Re: Status fvwm-menu-desktop

2011-12-20 Thread Thomas Adam
On Mon, Dec 19, 2011 at 06:11:57PM -0500, Dan Espen wrote:
 I think TA mentioned it was slow.  I don't know if he measured it
 or not.

Yeah:  http://xteddy.org/~n6tadam/fvwm/nytprof/

Note interpret_menu() is the culprit -- the scan_AppDir() and
read_desktop_entry() subroutines don't help, but I suspect most of that is
down to having to stat() and read in a lot of small files, so I wouldn't
concentrate on those two subroutines just yet.

If anyone needs help interpreting the output from that, let me know.

-- Thomas Adam

-- 
Deep in my heart I wish I was wrong.  But deep in my heart I know I am
not. -- Morrissey (Girl Least Likely To -- off of Viva Hate.)



Re: Status fvwm-menu-desktop

2011-12-20 Thread Dan Espen
Thomas Adam tho...@fvwm.org writes:

 On Mon, Dec 19, 2011 at 06:11:57PM -0500, Dan Espen wrote:
 I think TA mentioned it was slow.  I don't know if he measured it
 or not.

 Yeah:  http://xteddy.org/~n6tadam/fvwm/nytprof/

Nice!

 Note interpret_menu() is the culprit -- the scan_AppDir() and
 read_desktop_entry() subroutines don't help, but I suspect most of that is
 down to having to stat() and read in a lot of small files, so I wouldn't
 concentrate on those two subroutines just yet.

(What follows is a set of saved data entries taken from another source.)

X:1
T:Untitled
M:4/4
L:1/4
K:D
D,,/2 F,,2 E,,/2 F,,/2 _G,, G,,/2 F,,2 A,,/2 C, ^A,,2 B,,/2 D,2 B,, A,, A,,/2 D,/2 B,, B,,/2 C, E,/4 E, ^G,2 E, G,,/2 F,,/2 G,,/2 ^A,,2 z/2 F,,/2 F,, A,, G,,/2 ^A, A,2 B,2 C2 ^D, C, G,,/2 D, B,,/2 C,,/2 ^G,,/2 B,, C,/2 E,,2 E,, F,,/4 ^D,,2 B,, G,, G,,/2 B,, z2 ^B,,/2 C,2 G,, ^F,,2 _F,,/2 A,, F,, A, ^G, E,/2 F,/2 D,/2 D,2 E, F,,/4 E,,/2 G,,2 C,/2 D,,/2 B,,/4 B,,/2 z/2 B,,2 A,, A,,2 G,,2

 If anyone needs help interpreting the output from that, let me know.

Well, aren't we most concerned with elapsed time?
Doesn't that put read_desktop_entry right at the top
of our list.

Our script runs slowly the first time and then pretty fast
the second time.  Most certainly because all the files it reads
are cached.  Were you able to control for that in your timing tests?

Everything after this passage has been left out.